>>>

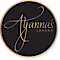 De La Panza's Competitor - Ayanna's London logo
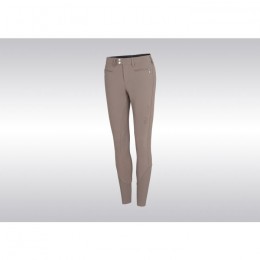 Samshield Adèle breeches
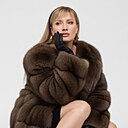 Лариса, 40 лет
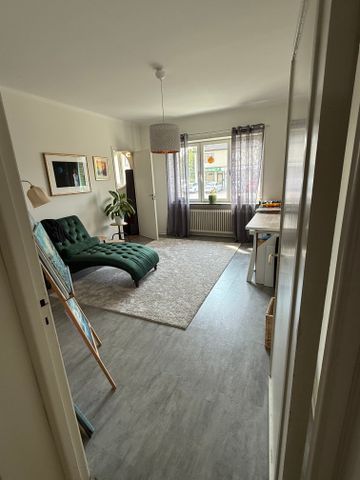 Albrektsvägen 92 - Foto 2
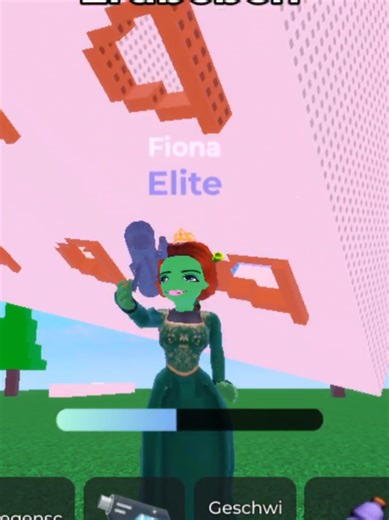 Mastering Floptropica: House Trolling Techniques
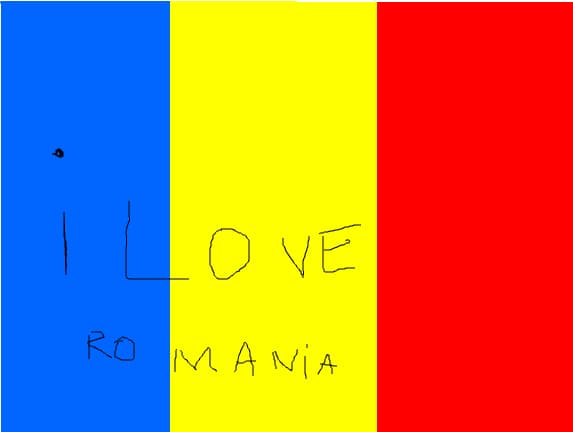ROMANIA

<<<

## Directions for this task:
Starting where a line contains "Albrektsvägen 92 - Foto 2" and finishing at the last line above, set down every line exactly as it reads, with no pictures.

## Exercise output:
 Albrektsvägen 92 - Foto 2
 Mastering Floptropica: House Trolling Techniques
ROMANIA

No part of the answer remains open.